What you should do
I would like every record reproduced exactly, with the pictures left out.

Source data
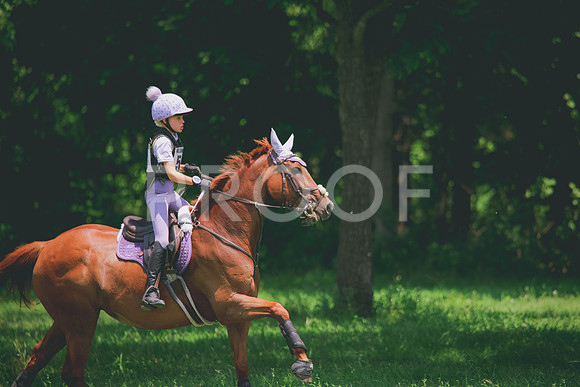 RWP_3726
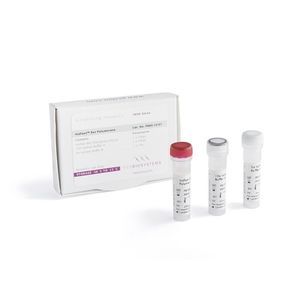 Reagenzkit für isotherme Amplifikation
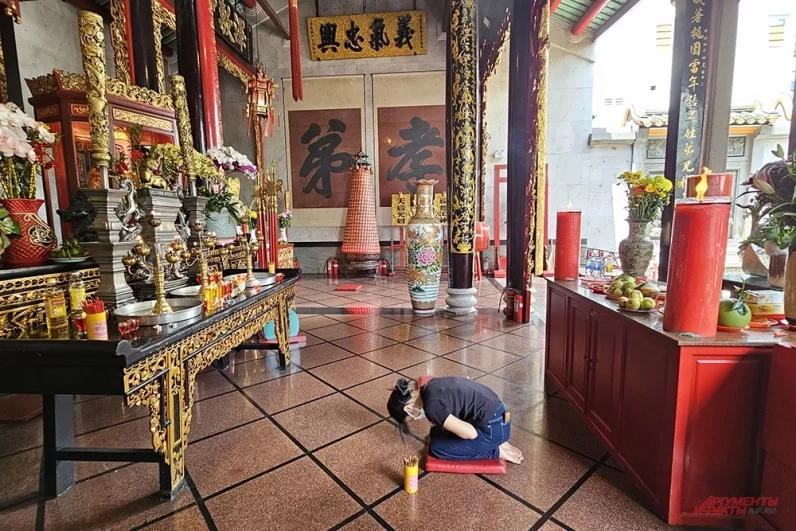 
        «Это пропаганда ЦРУ». Почему вьетнамцы едят «дикие отбивные», шокируя всех?    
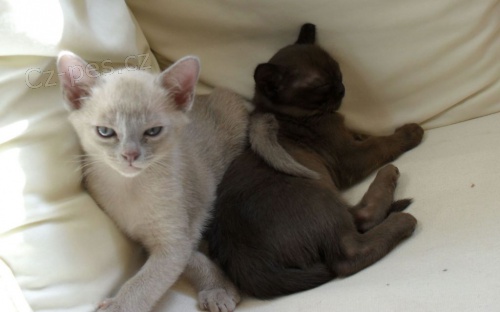 Barmsk� k�� ko�ata na prodej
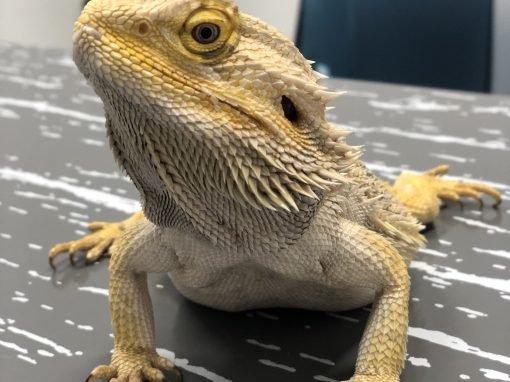 Bearded dragon dental disease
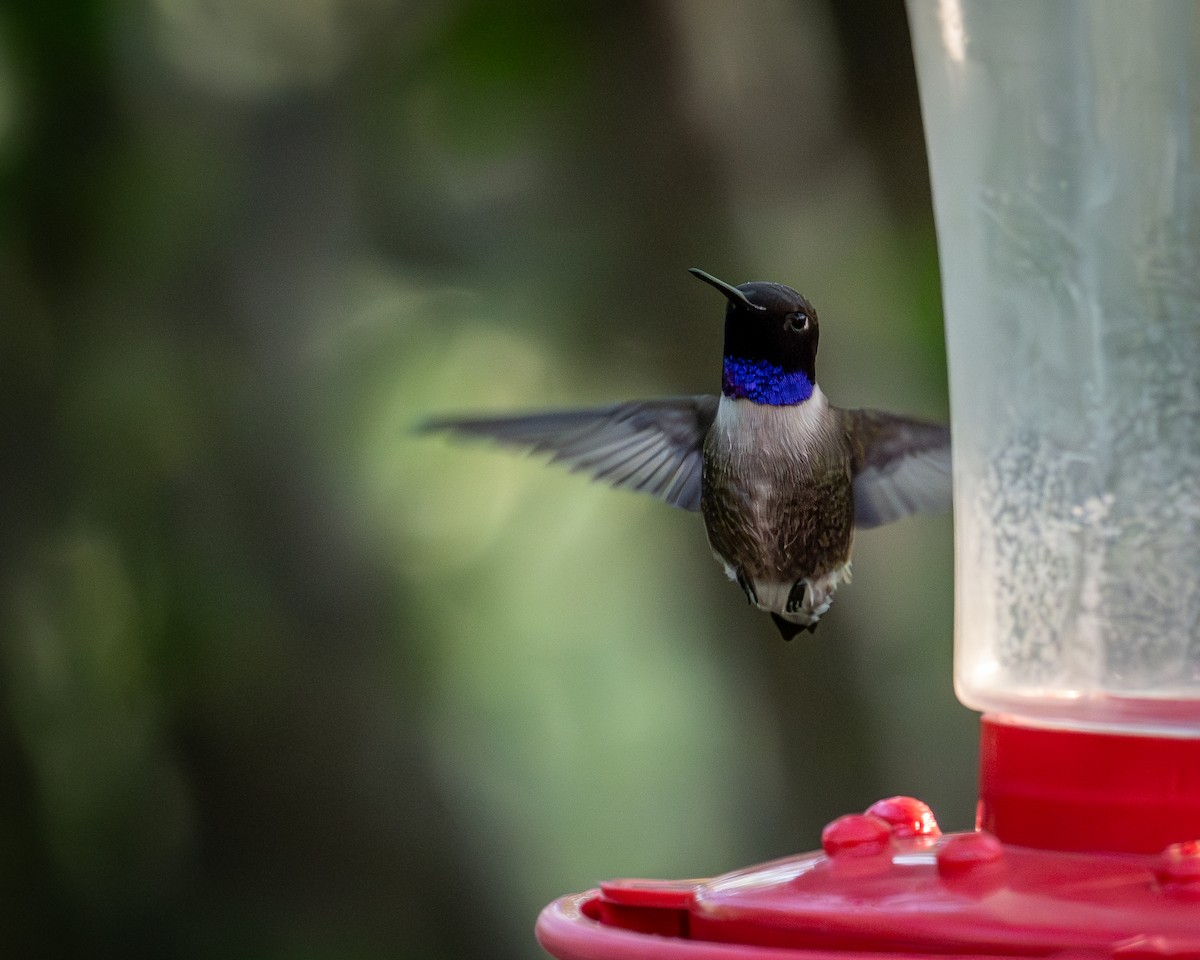 Black-chinned Hummingbird - ML617229696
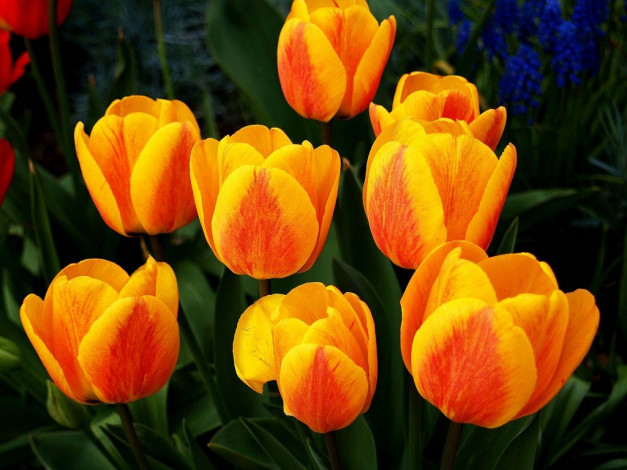 Обои картинки фото цветы, тюльпаны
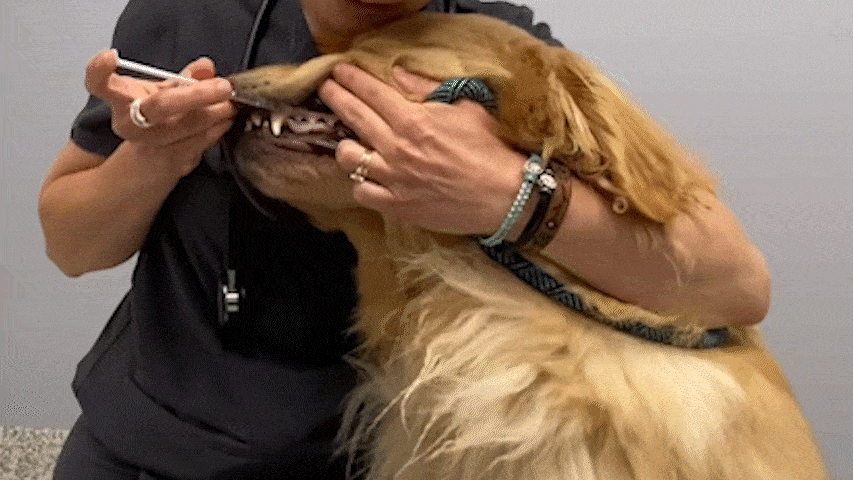 A person brushing a golden retriever's teeth during a dental checkup.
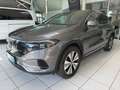 Mercedes-Benz EQA 250 + PTS Shz LED Ambi eHeck CarPlay RKam Grau - thumbnail 1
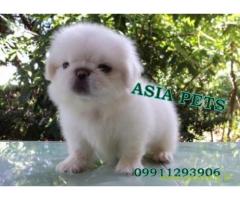Pekingese puppies  for sale in surat on Best Price Asiapets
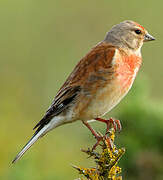 Common Linnet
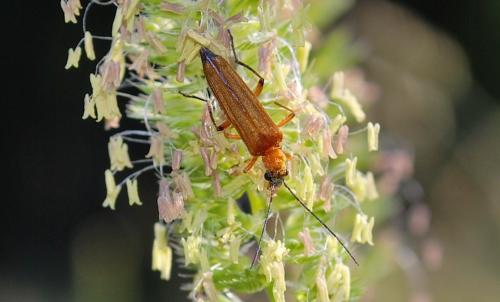 Oedemera podagrariae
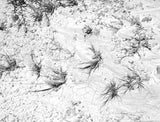 Dead Sea III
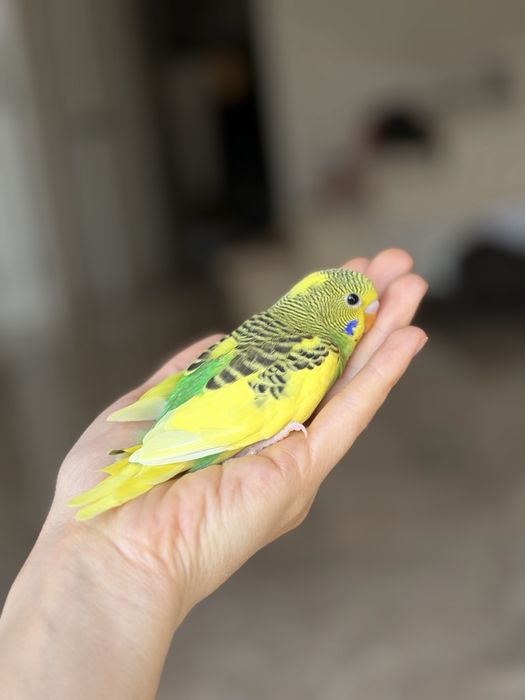 Птенец волнистого попугая!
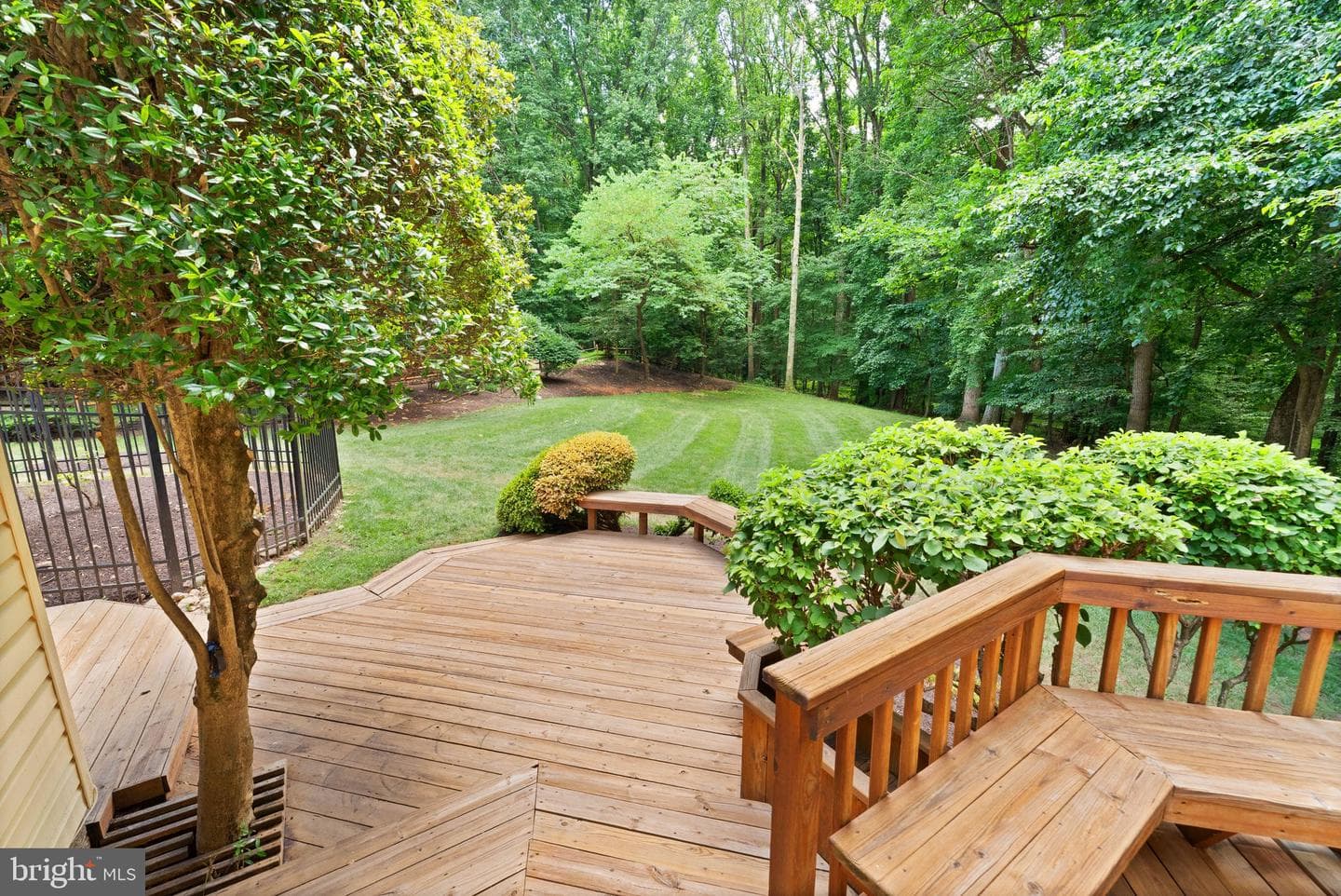 10912 Blue Roan Road photo 83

Written reply
 RWP_3726
 Reagenzkit für isotherme Amplifikation
        «Это пропаганда ЦРУ». Почему вьетнамцы едят «дикие отбивные», шокируя всех?    
 Barmsk� k�� ko�ata na prodej
 Bearded dragon dental disease
 Black-chinned Hummingbird - ML617229696
 Обои картинки фото цветы, тюльпаны
 A person brushing a golden retriever's teeth during a dental checkup.
 Mercedes-Benz EQA 250 + PTS Shz LED Ambi eHeck CarPlay RKam Grau - thumbnail 1
Pekingese puppies  for sale in surat on Best Price Asiapets
 Common Linnet
 Oedemera podagrariae
 Dead Sea III
 Птенец волнистого попугая!
 10912 Blue Roan Road photo 83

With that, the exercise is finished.